6 thoughts on “Realistic Layout Operation

  1. @pembroke87.ca

    I think "satisfying" is a really good measure! I feel there is no point striving for maximum accuracy if operating friends get fed-up running the trains.

    I once tried applying some random "interventions" to an op session. For example declaring a switch failure such that one of the yard tracks was unavailable for a while. Whilst this may be realistic it merely resulted in frustration, and I didn't repeat it.

    1. @pembroke87.ca

      Operational realism is somewhat in the eye of the beholder I guess. What I do strive for though is to slow the trains down. Nothing ruins the view more than a model of a hulking locomotive screeching to a halt in half a car's length!

      1. I find there are enough real events that disrupt operating sessions that you don’t need to invent interventions!

        Slowing down seems to be a theme across the hobby, although I think it can be taken too far. I wonder if the reason we like it is that the models appear to have greater momentum when they’re moving slowly?

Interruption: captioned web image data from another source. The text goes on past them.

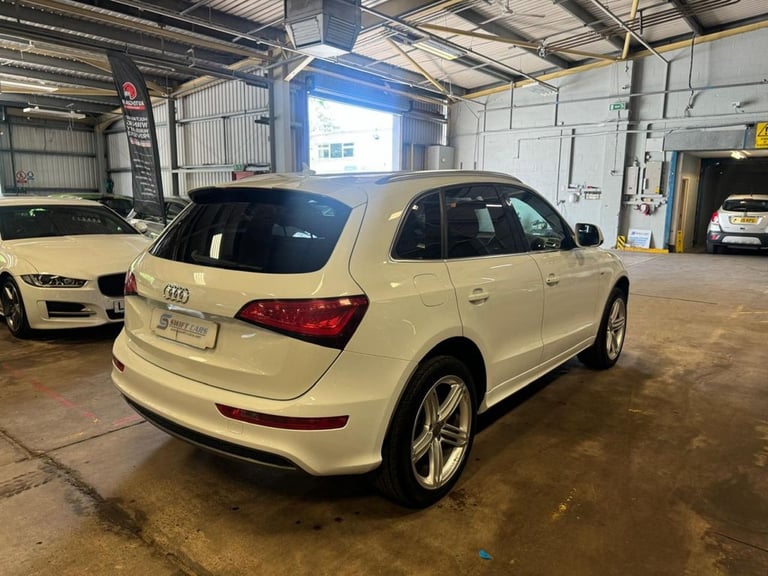 2013 Audi Q5 2.0 TDI Quattro S Line Plus 5dr ESTATE DIESEL Manual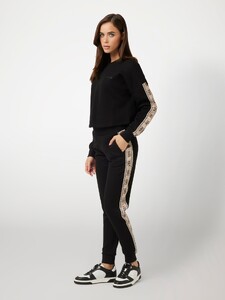 GiuliaC - Guess_Side logo jogger pant Women-4 - V2YB15KB3P2-JBLK-ALT1.jpg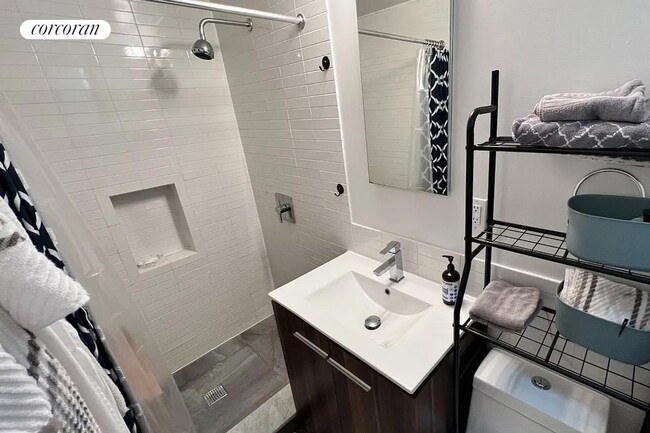 Foto del edificio - 171 W 80th St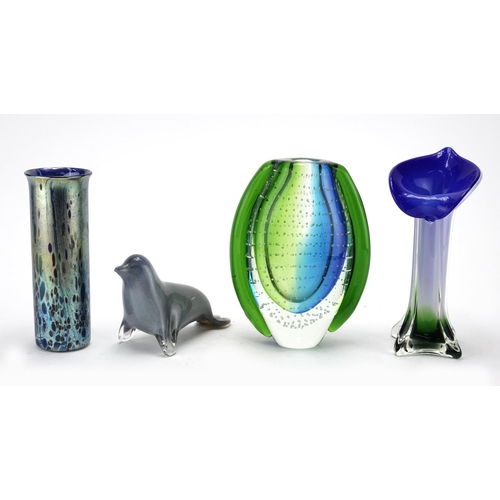 2171 - Art glassware including a Murano and Isle of Wight vase, the largest 19.5cm high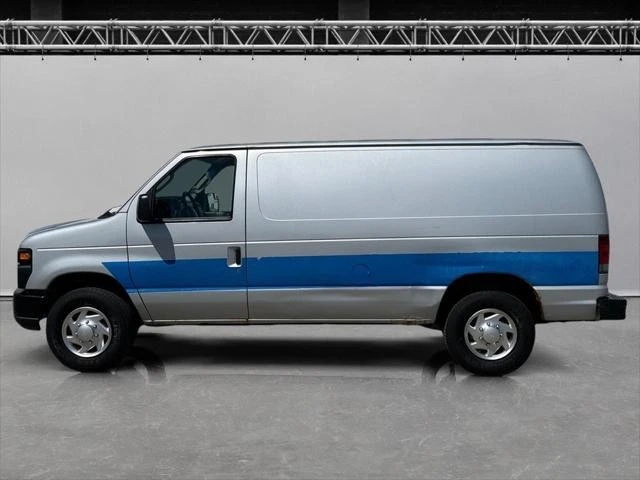 2012 Ford Econoline Van - Image 2 of 25
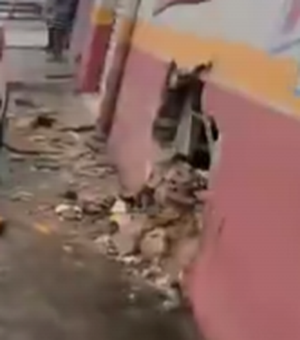Colisão entre carros provoca destruição de parte de parede de mercadinho em Arapiraca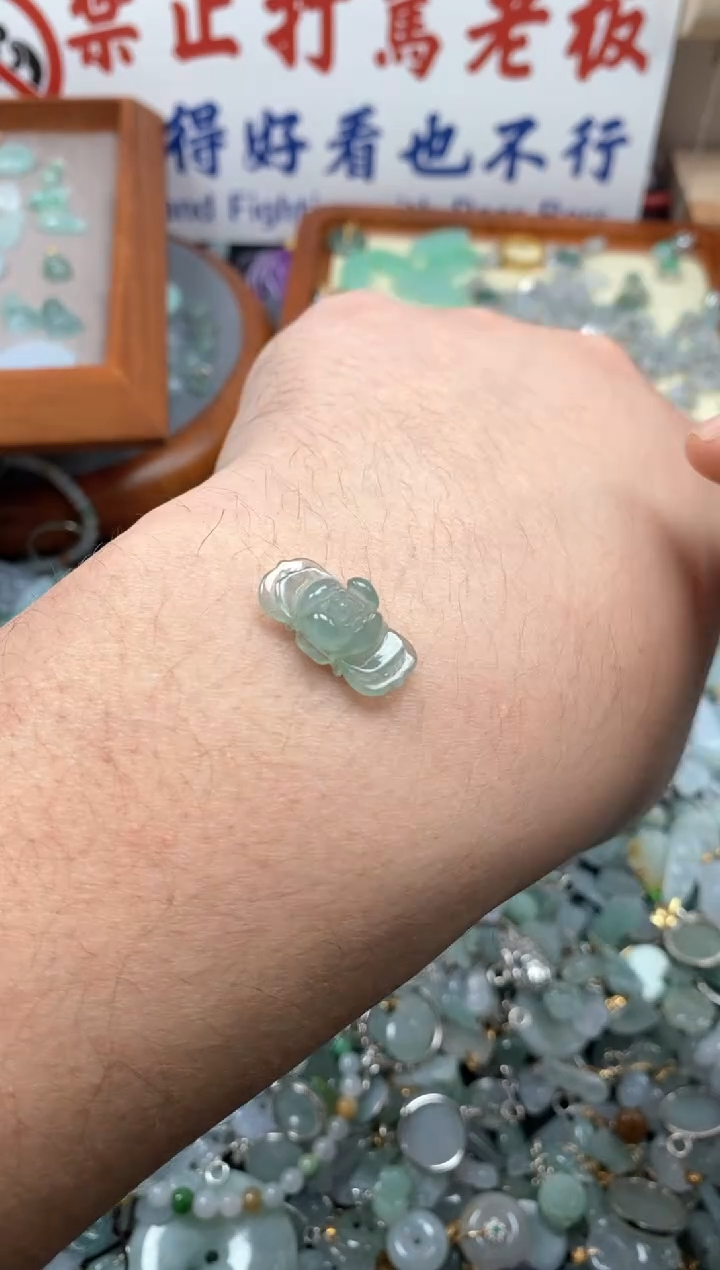 【闪购商品】翡翠颈饰未镶嵌哥哥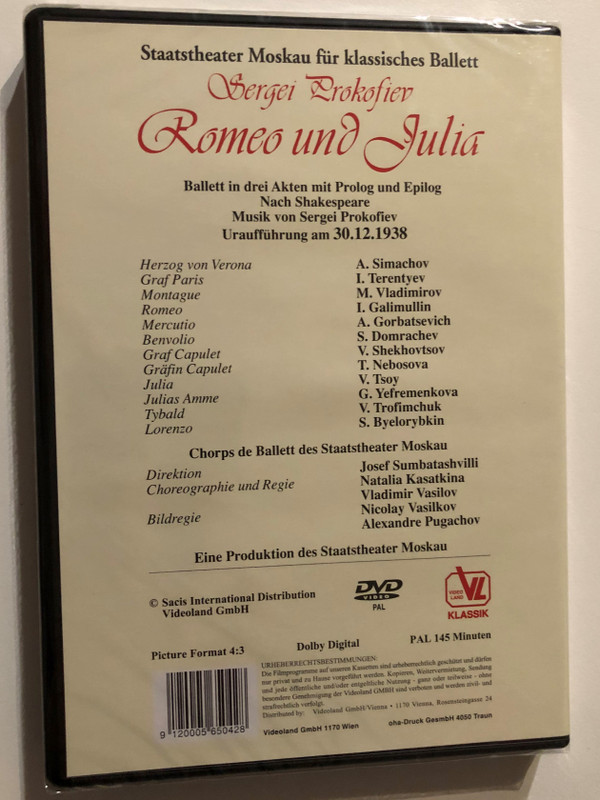 Romeo and Juliet / Composer: Sergei Prokofiev / Ballet in three acts with prologue and epilogue Based on Shakespeare / First performance on December 30, 1938 / Chorps de ballet of the Moscow State Theater / DVD (9120005650428)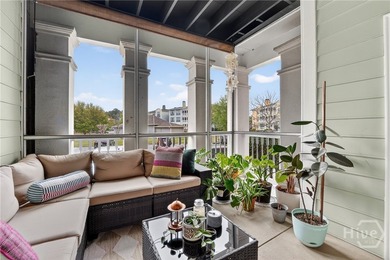 Enjoy easy, low-maintenance living in this well-maintained - photo 3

      2. @pembroke87.ca Yes indeed, one needs to strike the right balance between operational fidelity and fun.
        There's nothing quite like a model steam locomotive taking off like a top fuel drag car to shatter the realism of a carefully crafted model railway!

  2. “Realistic operation” for your era will be so different from what is today, or even existed on the GTR of the time. With radio still in its infancy, switching is done using hand signals. Maybe the line uses telephone dispatching, but more likely it’s telegraphy that’s used. A smaller line like the Canada Atlantic will doubtless have its own operating practices that likely will differ somewhat from the GTR, too. Maybe not all cars have air brakes yet. They’d be through-piped to permit their being in a train. Airbrakes are mandatory in your era on all Canadian railways; they have been since about 1893. I recall a contemporary quote to the effect of–“All trains must be equipped with a power brake that will not require train crews to use the common handbrake” ie the Westinghouse (now Wabco) automatic air brake. (or their competitor, New York Air Brake {now Knorr}). Yet brakemen might well be on top of cars of a train descending a grade “where failure of the brakes might be attended to with hazard”. Another quote from memory–“A call for brakes when running must immediately be answered by each trainman opening a Conductor’s valve and applying handbrakes.”

    Retired from CN as a mainline locomotive engineer running between Sarnia and Toronto after 35 years in the running trades starting as a brakeman, I’ve had my share of sad experiences I will not relate here. But I was taught so many hand signals as a new brakeman. Car counts, instructions to apply hand brakes or throw a switch (you never throw a turnout“–what is that nonsense anyway?). The switch is the part of the turnout that moves, and which is thrown to rotue rolling stock from one track to another. A hand signal for “I’m going in between cars to couple air hoses” (aka “hosebags”)

    Whistle signals–four short blasts to request a signal. Three short blasts to indicate that the engine is about to back up. Two long and two short for a public crossing, sounded starting 1/4 mile from the crossing, commonly at a whistle post. The current version of 14L for public crossings was introduced in the 1940’s.

    You’ve done a great job creating the appearance of an independent railway of the early 20th century; its operation will be very distinct, too. There’s so much more on this that I can expand on should you be interested.

    Steve Lucas

    1. Yes, please! The Canada Atlantic moved to the uniform code of operating rules (maybe not the right title) in 1903 I believe. I do have a rule book from just before that time. Communication was by telegraph, and interchange cars would have had air brakes, and all CA cars were fitted in the mid 90s when the car shops experienced a wood shortage. So, the CA in 1905 looked more like a “modern” railway than not. Car service rules, I believe, were still in their infancy. These are all details I would like to get right, but I don’t know if they will feel “realistic” when they do, or will they be so foreign to someone like Tony that they will feel like the hydrogen railway he mentions in his post?